153. Find Minimum in Rotated Sorted Array §

Date: 2026-03-19 Difficulty: Medium Topics: Binary Search, Array Link: https://leetcode.com/problems/find-minimum-in-rotated-sorted-array/

Final Solution §

class Solution:
    def findMin(self, nums: List[int]) -> int:
        start = 0
        end = len(nums) - 1
        while start < end:
            mid = start + (end - start) // 2
            if nums[mid] > nums[end]:
                start = mid + 1
            else:
                end = mid
        return nums[start]

Initial Issues §

• Compared nums[mid] > nums[mid - 1] — mid = 0 causes nums[-1] to wrap to last element in Python
• Used start = mid with while start <= end — infinite loops when start == end == mid
• Compared nums[mid] > end — end is an index, not a value; must be nums[end]

Key Learnings §

Compare nums[mid] against nums[end] §

• nums[mid] > nums[end] → rotation point is to the right, so start = mid + 1 (mid can’t be the min since something smaller is on the right)
• nums[mid] <= nums[end] → mid could be the min or it’s to the left, so end = mid (keep mid in search space)

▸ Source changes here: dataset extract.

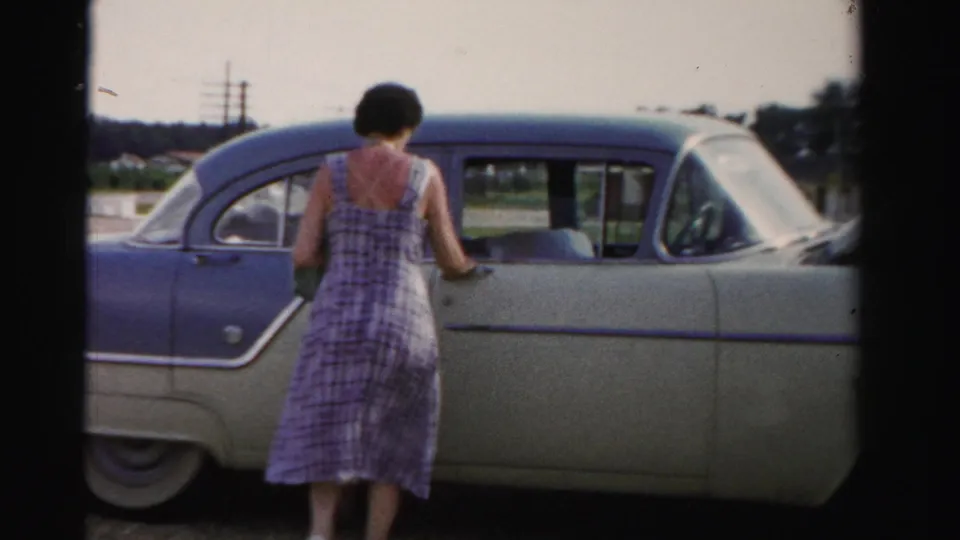 1955 Dade County frame with a woman in a plaid dress facing a two-tone sedan in a roadside setting.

while start < end vs while start <= end §

	start <= end	start < end
Goal	Find target or return not found	Narrow down to one answer
Ends when	Search space empty (start > end)	One element left (start == end)
Return	Inside loop (found) or after (-1)	After loop: nums[start]
Used for	Exact target search (704, 74)	Find min, boundary, first/last
Why not the other	N/A	end = mid when start == end → infinite loop

Key insight §

• start < end guarantees mid < end (since mid = (start+end)//2 rounds down), so end = mid always shrinks the window
• Answer always exists — just shrinking to size 1

Complexity §

• Time: O(log n)
• Space: O(1)